However, in recent weeks it declared that it may have to act on its own if the Syrian uprising threatens its national security. Turkish officials have declared the meeting of the Friends of Syria group on April 1, in Istanbul, to be a key point; military action against Syria may be decided on then. The most probable scenario is that in the coming months we will see an international force occupying Syria.
If that happens, Turkey will be a major component of the force. Turkey will not treat all Syrian territories equally. Western Syria, especially the coast providing ground access to Lebanon, would be courted. This has happened already in the past. In 1938, Hatay—a small territory on the Mediterranean coast—became independent from the French mandate of Syria as the Republic of Hatay.
Following a referendum in 1939, Hatay decided to join Turkey, forming the singular panhandle shape that can be seen on the maps of Turkey. Similar referenda are unlikely to be repeated in the present, but Turkey will present itself as a benevolent colonizer working for the welfare of the Syrian people, trying to become a tolerated presence in the years to come. Eastern Syria is a different story, since its population is mainly Kurdish.
Turkey is already engaged in a violent struggle against its own Kurdish population. In the case of a Turkish occupation of Syria, the Kurdish population would be ruthlessly targeted in an effort to make sure that an independent Kurdistan would not emerge out of the turmoil. This is vital, since the nearby, autonomous Iraqi Kurdistan is getting help from Israel (see Kurdistan Revival; Israel Splits Iraq) as counterweight against Turkey. This is why Syria will be sliced.
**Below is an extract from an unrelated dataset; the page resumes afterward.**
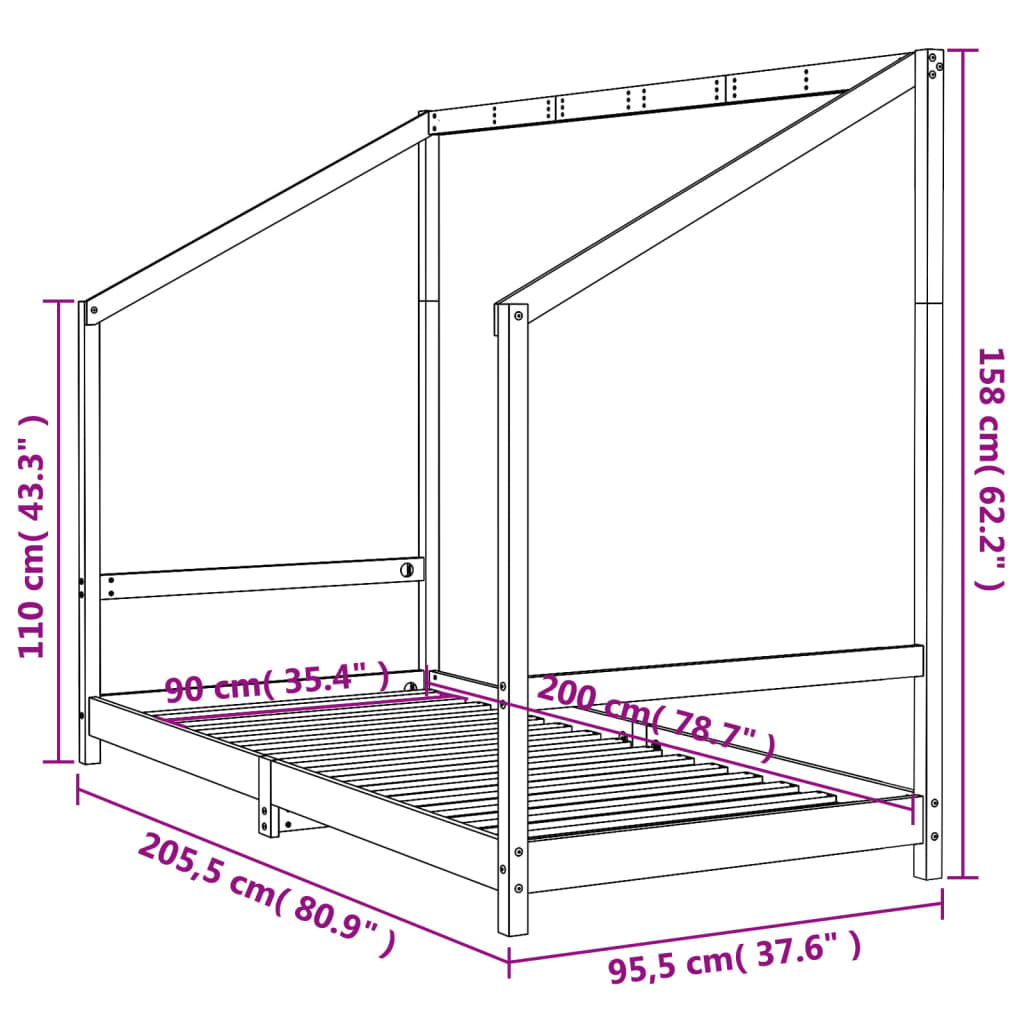 Kinderbedframe 90X200 Cm Massief Grenenhout 90 x 200 cm Naturel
Israel will not be part of the international force. Despite its closeness to Damascus, it will not occupy it. Israel already learned a harsh lesson when it occupied Beirut in 1982; the IDF is not big enough to violently take over a large city. An entire battalion may be needed to secure a large building, that’s why Beirut was never completely under Israeli control.
Yet, Israel may seize the actual opportunity to strengthen its allies, the Kurds in Iraq.
If Syria disintegrates, Israel will be able to create an air corridor, running parallel to the Mosul–Haifa oil pipeline, from Israel to Iraqi Kurdistan. Such a corridor could be used for supplying the Kurds with the weapons needed for their secession from Iraq. The military scenario is simple. The radar and communications systems of the Syrian army would be surgically destroyed by Israel.
Afterwards, air convoys would deliver the goods. At the center of the convoy heavy Hercules planes carrying everything up to American M113 armored personnel carrier (Israel vert ical bypass division did that in the past); surrounding them would be fighter planes protecting the transfer. In no time, Iraqi Kurdistan would be de facto independent.
The events in Syria would amount to little else than a smoke screen, slightly hiding the fact that Turkey and Israel would be working in the consolidation of their respective alliances against each other. Eventually, two dynamic corridors would emerge. One would be created by Turkey, connecting its mainland with Lebanon.
This is critical for the solution of the situation in the Eastern Mediterranean. In recent months we saw that on the Mediterranean Sea front, where an alliance between Turkey, Lebanon, Northern Cyprus, and to a lesser extent also Iran, has declared the exploitation by Israel of the new gas fields found there, a casus belli event.
On the other side, Israel would try to create a corridor to Kurdistan, which would open a new front with Turkey, as well as decreasing ground access options between Turkey and Iran. Israel has forged alliances with Cyprus (see Buying Cyprus), and Azerbaijan (see Azerbaijan-Israel: A Shia—Jewish Alliance); if it gets an entry to Turkey’s backside, the alliances would be more balanced.
We are witnessing the consolidation of these wide military fronts; their proper build-up will take time. The gas wells that may trigger a violent confrontation between Turkey and Israel will also take some time to be placed.
Until then, Syria would probably be sliced and swallowed by the new regional colonial powers. In Syria as in Libya, Foreign “National Councils”—another oxymoron typical of Western cultures—are reshaping the Middle East, the “Arab Spring” being nothing else but a name mocking the coming nuclear winter.